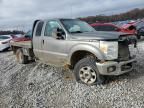 2013 Ford F250 Super Duty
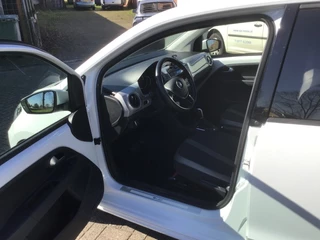 Volkswagen e-up! - afbeelding nr 12
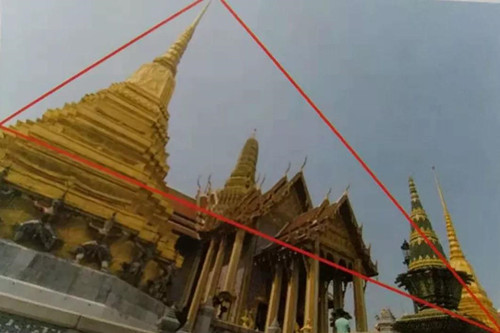 摄影三角形构图分析-图片4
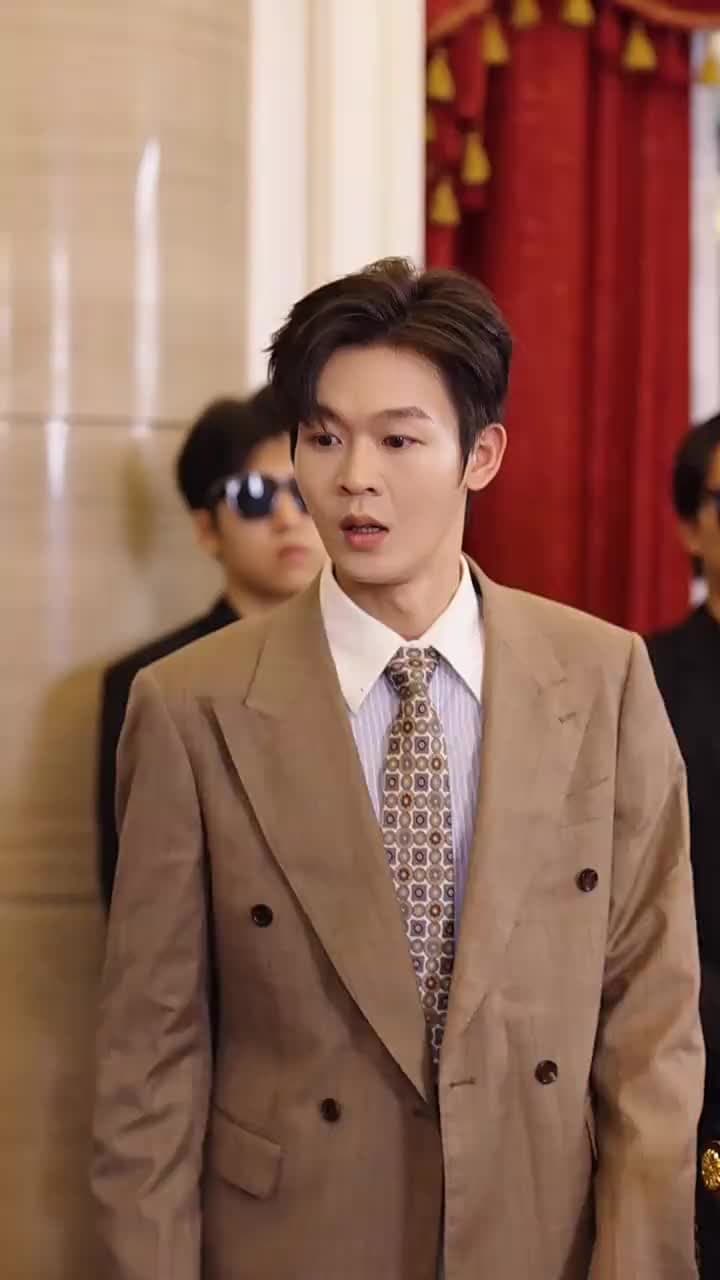 [Lồng tiếng]Kế Hoạch Năm Xưa - Episode 11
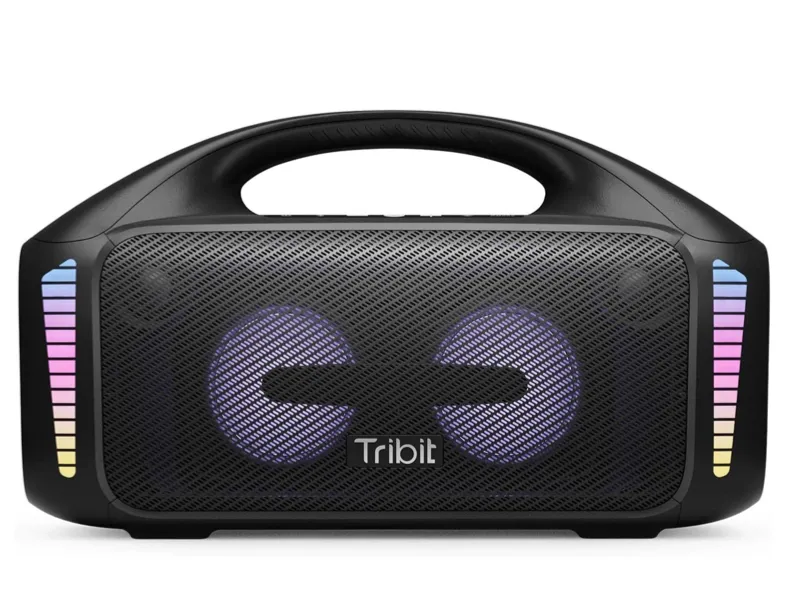 Tribit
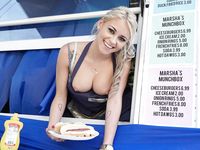 Marsha May - Brazzers Exxtra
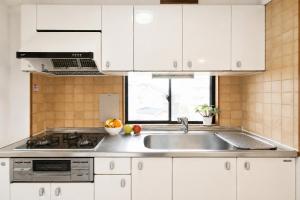 Kichi 03 Skytree Family Apartment 2BR, 5 min to Station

## Work item
Pictures are to be excluded; all other material must be transcribed exactly.

## Response to the task
 2013 Ford F250 Super Duty
 Volkswagen e-up! - afbeelding nr 12
 摄影三角形构图分析-图片4
 [Lồng tiếng]Kế Hoạch Năm Xưa - Episode 11
 Tribit
 Marsha May - Brazzers Exxtra
 Kichi 03 Skytree Family Apartment 2BR, 5 min to Station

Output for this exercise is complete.